Just as he patterned his troop "surge" in Afghanistan on a successful military strategy in Iraq, now Obama is patterning his withdrawal from Afghanistan on the Iraq template as well.The flaw in the pattern is that while George W. Bush's Iraq surge is viewed as a success, the increased U.S. commitment that Obama announced in late 2009 isn't. Gearan:
By the time the U.S. forces switched to the advisory role in Iraq, the back of the Sunni insurgency had been broken. The same cannot be said for the Taliban-led insurgency in Afghanistan, which causes most of the U.S. casualties and functions as the main enemy even if Obama's preferred opponent is the al-Qaida terror network the Taliban once harbored.
As a candidate, Obama didn't see the vital U.S. interest in Iraq, and he naturally opposed the Bush surge. In Afghanistan, he did see one, so he surged. A for effort? Only if you agree, as I didn't, that the best solution was more troops for stabilization and nation-building instead of using intelligence, special forces, and other covert means to keep Afghanistan from becoming a laboratory for terrorism again. If we had known Sept. 11 was in the offing, the U.S. almost certainly could have neutralized the Taliban and al-Qaeda just based on what we saw from afar. We'll now be a hundred times more vigilant, and especially so Obama, since he knows that any attack emanating from Afghanistan would be blamed on his decision to withdraw.
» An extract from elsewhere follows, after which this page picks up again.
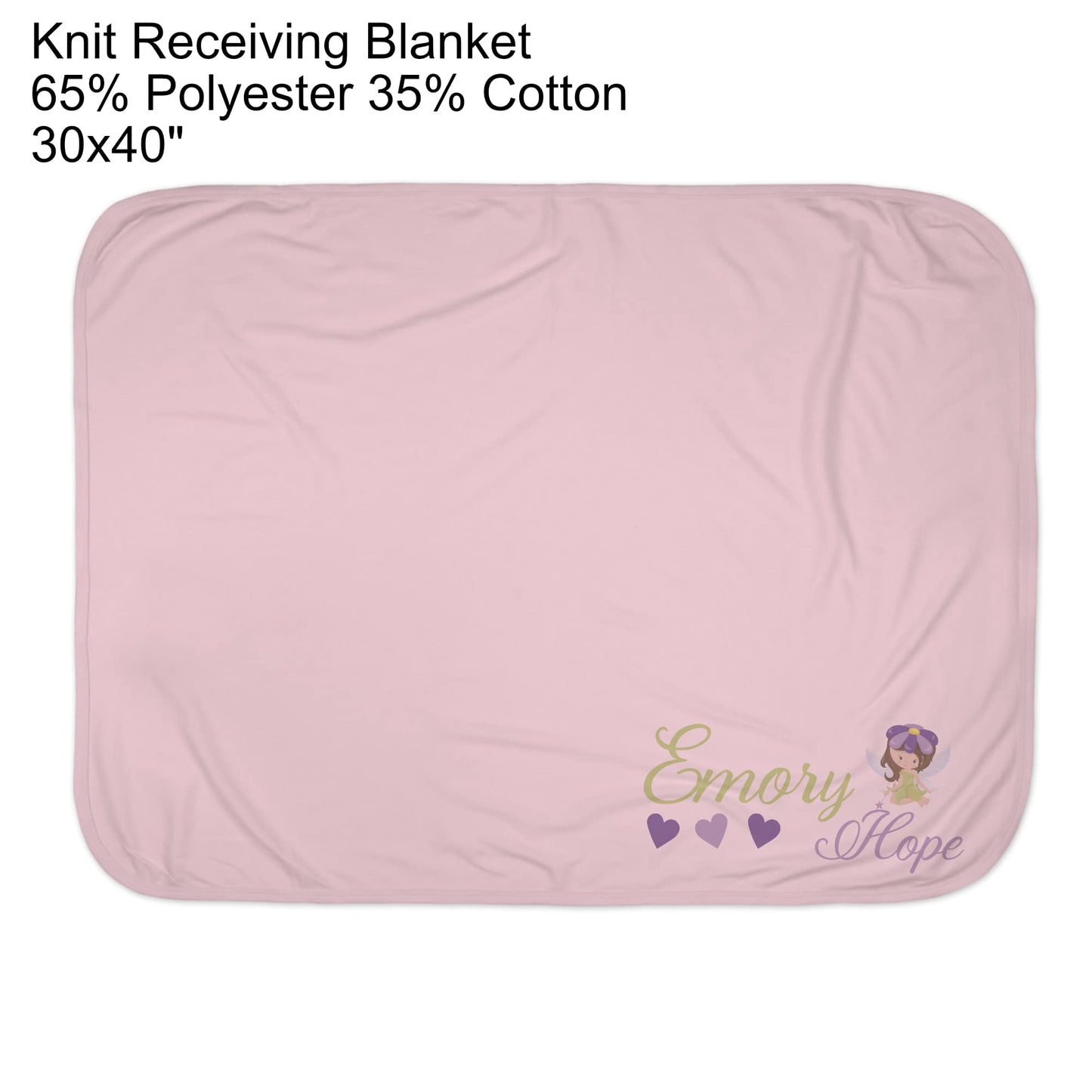 New Baby Girls Printed Woodland Fairy 2 Lime and Purple Personalized Infant Receiving Swaddle Blanket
Friends also tell me that a continued U.S. presence contributes to Pakistan's stability and security. And yet according to the Institute for the Study of War, our policy has been undermined by national security-conscious Pakistani officials who support our enemy the Taliban because they also happen to be Pakistan's anti-India proxies. Who need to be caught in the middle of that chess game?